Mientras tanto nos quedan los pequeños gestos individuales del consumidor consciente, importantes y ejemplarizantes pero incapaces de encontrar soluciones biográficas a contradicciones sistémicas, si no es de la mano de estrategias colectivas que aumenten la incidencia, reduciendo la sensación de insignificancia de lo que hacemos y el coste percibido del cambio. Dinámicas que anticipan nuevos imaginarios y prácticas sociales a generalizar en el medio plazo, a la par que apuntan las ambiciosas medidas estructurales a tomar desde las políticas públicas.
Así que mientras cogemos fuerzas para el nuevo curso... pasemos estos calores sofocantes con la ayuda de un ventilador, enchufado a una red eléctrica cuya energía sea producida de forma cooperativa y 100% renovable.

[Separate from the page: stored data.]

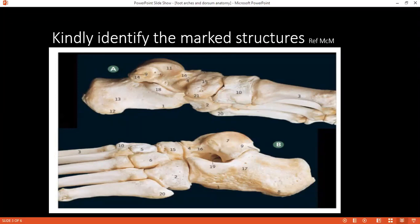Can you tell me in picture B what is structure 19? Nineteen is the talar sinus. What is the significance of this? Sorry ma'am, I do not know.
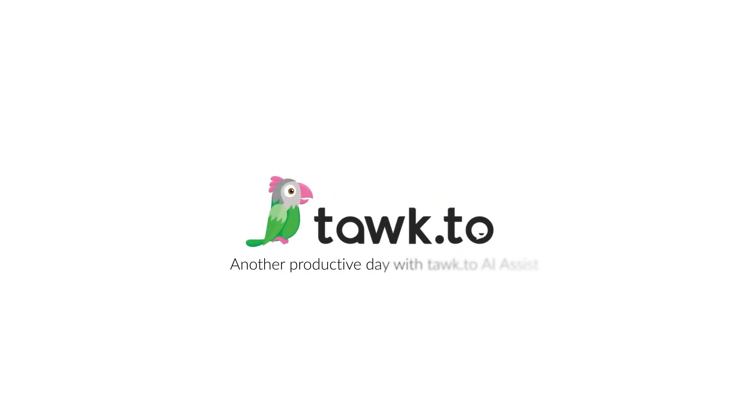Are you still handling customer service yourself? Activate Tawk.to's AI Assist today and let Apollo handle it for you, 24-7.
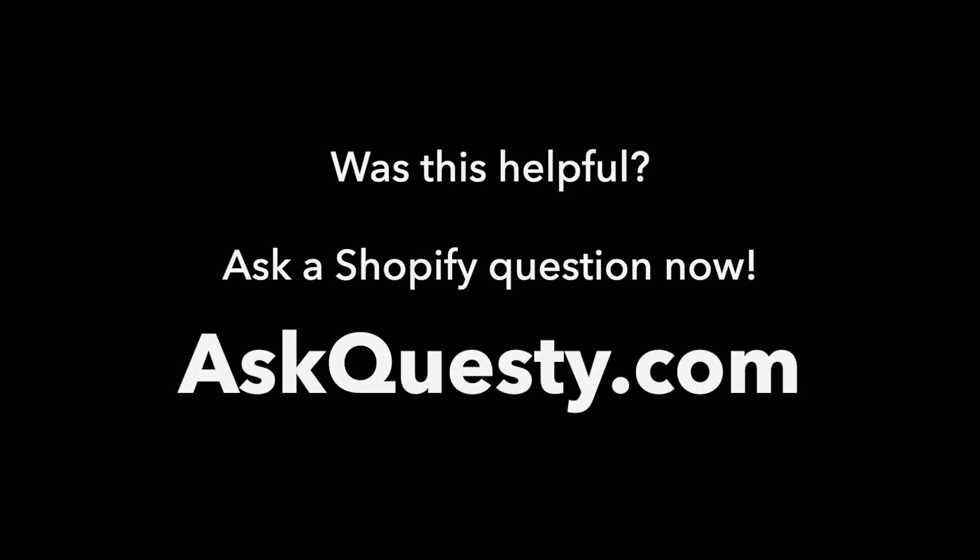Was this helpful? Ask a Shopify question now. AskQuestie.com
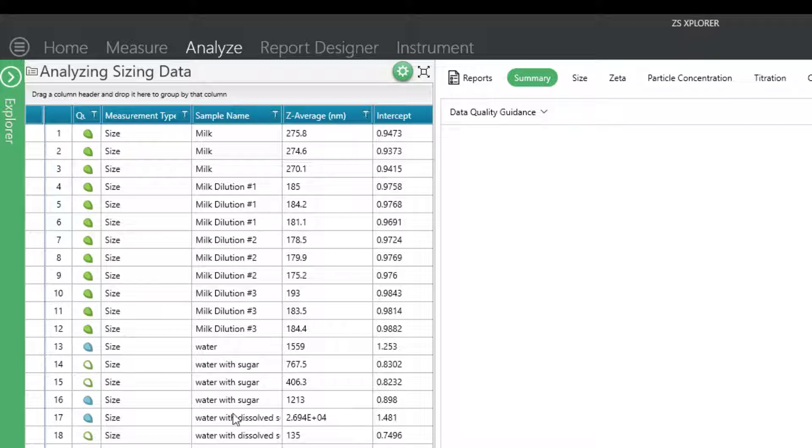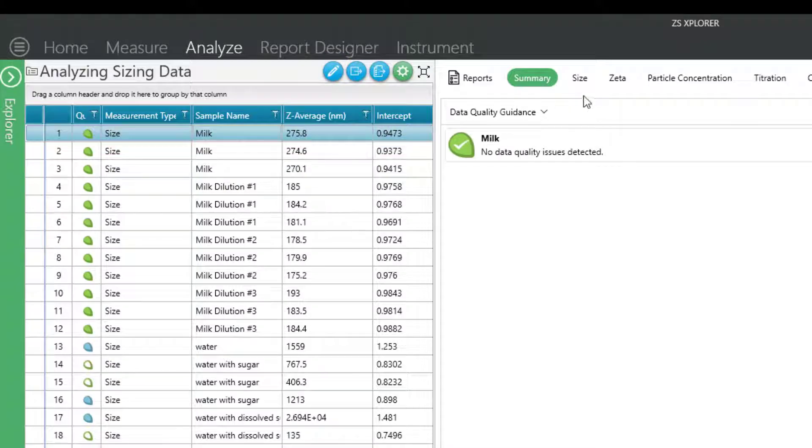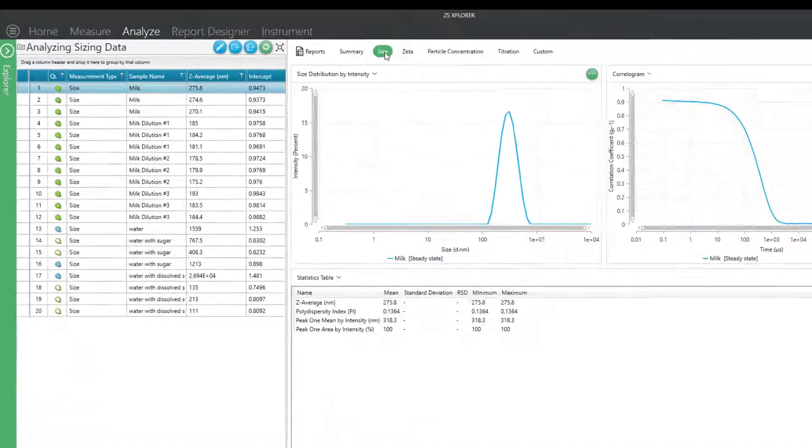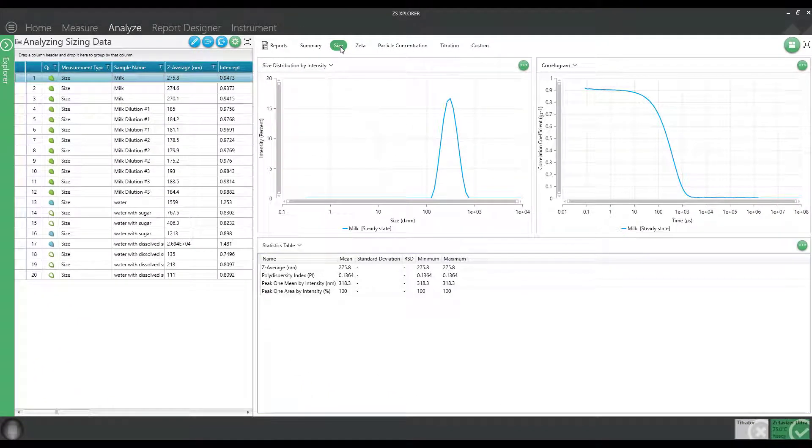For example, I started out with this milk sample, and if we navigate to the size window, you can see we get pretty decent results.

Llegó el verano y las recurrentes olas de calor. En los telediarios y reportajes se mezclan las anécdotas y las recomendaciones para sobrellevarlas: estar a la sombra, hidratarse bien, no hacer deporte a las horas centrales del día… pero este fenómeno siempre aparece de forma aislada, desconectado de la problemática que lo causa como es el cambio climático. Hemos encadenado de forma consecutiva 14 de los 15 años más calidos de la historia, desde que comenzaron los registros estadísticos en el siglo XIX, y tenemos la garantía de que las olas de calor se van a ir alargando e intensificando durante las próximas décadas. Un problema que queda naturalizado y cuya comunicación evita caer en alarmismos estériles, enviando a la ciudadanía un mensaje de resignación ante lo inevitable y medidas individuales para sobrellevarlo.
Una de las medidas estrella para adaptarnos al calor veraniego es el creciente uso del aire acondicionado, en nuestro país actualmente tres de cada diez viviendas se encuentran equipadas y en las ciudades andaluzas la cifra llega hasta la mitad. De hecho los picos de consumo eléctrico han pasado en muchas zonas de ser en invierno por el uso de las calefacciones a ser en verano. Se produce así un círculo vicioso en el que el calor nos hace recurrir a tecnologías que funcionan en base a consumir una energía cuyos mecanismos de producción provocan el cambio climático, que a su vez aumenta las olas de calor y la temperatura del planeta… lo que nos lleva a un uso más intensivo del aire acondicionado.